▶ _PROBLEM_: Verbatim, and with nothing else, reproduce the data below from its first line through the line containing "Royal Worcester blush".

▶ _DATASET EXCERPTS_:
++++

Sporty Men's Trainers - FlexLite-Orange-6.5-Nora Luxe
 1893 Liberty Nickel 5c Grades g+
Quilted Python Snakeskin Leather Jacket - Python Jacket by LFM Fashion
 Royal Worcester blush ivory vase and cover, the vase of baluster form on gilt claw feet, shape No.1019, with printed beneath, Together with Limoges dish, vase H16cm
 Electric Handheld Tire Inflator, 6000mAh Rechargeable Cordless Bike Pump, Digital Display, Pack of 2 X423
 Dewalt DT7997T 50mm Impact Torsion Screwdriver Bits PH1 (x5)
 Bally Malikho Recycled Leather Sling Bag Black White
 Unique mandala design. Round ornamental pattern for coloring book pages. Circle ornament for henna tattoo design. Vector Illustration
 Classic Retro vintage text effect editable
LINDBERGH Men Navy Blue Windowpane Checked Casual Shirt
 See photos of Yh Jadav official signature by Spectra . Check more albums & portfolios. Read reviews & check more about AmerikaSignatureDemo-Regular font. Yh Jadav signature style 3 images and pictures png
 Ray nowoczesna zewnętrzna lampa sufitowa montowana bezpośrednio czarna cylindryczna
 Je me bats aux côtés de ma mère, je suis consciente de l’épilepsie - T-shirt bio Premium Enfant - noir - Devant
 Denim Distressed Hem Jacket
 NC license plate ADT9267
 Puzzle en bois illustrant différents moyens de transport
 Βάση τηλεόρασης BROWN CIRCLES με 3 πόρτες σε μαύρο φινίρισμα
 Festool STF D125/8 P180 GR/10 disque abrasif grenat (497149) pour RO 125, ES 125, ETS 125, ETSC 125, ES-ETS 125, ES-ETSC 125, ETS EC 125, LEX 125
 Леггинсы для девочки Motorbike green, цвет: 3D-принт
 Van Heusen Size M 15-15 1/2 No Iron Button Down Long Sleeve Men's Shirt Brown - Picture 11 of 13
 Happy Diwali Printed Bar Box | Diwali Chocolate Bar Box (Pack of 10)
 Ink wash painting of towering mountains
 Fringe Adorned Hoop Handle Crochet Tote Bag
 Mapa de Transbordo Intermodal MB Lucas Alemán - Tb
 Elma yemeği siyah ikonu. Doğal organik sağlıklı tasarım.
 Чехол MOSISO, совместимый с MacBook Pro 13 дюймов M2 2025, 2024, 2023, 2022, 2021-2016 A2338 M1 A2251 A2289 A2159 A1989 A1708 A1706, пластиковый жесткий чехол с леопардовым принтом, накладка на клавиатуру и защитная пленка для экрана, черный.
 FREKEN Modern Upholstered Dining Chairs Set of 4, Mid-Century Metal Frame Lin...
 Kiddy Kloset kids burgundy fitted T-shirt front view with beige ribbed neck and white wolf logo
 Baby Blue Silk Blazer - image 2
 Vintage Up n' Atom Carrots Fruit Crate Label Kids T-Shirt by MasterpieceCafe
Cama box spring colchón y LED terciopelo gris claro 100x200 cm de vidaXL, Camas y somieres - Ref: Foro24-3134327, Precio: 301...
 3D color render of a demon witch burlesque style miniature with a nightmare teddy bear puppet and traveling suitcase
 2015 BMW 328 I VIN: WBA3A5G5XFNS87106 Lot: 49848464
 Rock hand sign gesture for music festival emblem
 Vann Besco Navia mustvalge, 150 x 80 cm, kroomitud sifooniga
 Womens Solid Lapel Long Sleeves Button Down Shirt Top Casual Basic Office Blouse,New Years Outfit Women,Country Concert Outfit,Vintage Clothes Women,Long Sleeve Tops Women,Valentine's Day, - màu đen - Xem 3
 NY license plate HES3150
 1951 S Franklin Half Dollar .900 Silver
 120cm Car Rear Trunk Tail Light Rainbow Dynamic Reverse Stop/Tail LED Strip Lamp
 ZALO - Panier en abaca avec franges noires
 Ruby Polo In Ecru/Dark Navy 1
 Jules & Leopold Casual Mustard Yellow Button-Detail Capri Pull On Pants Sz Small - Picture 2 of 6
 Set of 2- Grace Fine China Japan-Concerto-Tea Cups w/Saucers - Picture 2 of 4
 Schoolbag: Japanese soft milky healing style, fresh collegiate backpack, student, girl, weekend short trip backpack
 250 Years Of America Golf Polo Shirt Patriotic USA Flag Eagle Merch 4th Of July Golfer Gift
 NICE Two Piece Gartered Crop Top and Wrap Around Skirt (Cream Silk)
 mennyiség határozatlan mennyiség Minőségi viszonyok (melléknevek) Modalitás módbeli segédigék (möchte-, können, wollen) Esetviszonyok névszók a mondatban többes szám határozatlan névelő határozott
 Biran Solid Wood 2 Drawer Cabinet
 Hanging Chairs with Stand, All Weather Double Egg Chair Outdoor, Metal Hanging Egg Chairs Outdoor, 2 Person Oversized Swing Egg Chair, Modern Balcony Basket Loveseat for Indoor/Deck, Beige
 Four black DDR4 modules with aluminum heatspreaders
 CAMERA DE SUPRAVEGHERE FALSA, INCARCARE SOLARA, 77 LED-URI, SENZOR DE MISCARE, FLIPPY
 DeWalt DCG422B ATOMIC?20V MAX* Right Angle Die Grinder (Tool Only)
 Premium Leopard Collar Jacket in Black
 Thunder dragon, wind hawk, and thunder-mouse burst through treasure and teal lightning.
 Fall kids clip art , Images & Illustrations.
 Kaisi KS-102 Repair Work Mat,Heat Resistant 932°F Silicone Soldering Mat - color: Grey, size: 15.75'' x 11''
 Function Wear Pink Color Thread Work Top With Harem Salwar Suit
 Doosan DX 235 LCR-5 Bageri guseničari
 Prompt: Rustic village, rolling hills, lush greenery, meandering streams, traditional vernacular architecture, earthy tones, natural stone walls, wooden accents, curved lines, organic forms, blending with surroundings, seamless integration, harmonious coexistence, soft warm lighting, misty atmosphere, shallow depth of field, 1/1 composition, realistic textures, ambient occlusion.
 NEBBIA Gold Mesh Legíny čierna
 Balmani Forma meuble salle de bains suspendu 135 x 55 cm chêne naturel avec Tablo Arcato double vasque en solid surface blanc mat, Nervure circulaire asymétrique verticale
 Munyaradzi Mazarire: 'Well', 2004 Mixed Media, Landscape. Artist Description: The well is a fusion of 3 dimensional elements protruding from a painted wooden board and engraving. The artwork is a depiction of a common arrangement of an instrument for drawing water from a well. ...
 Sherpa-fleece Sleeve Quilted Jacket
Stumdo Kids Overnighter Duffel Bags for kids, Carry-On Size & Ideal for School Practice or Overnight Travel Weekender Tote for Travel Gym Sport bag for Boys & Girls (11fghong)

++++

▶ _OUTPUT OF THE EXERCISE_:
Sporty Men's Trainers - FlexLite-Orange-6.5-Nora Luxe
 1893 Liberty Nickel 5c Grades g+
Quilted Python Snakeskin Leather Jacket - Python Jacket by LFM Fashion
 Royal Worcester blush ivory vase and cover, the vase of baluster form on gilt claw feet, shape No.1019, with printed beneath, Together with Limoges dish, vase H16cm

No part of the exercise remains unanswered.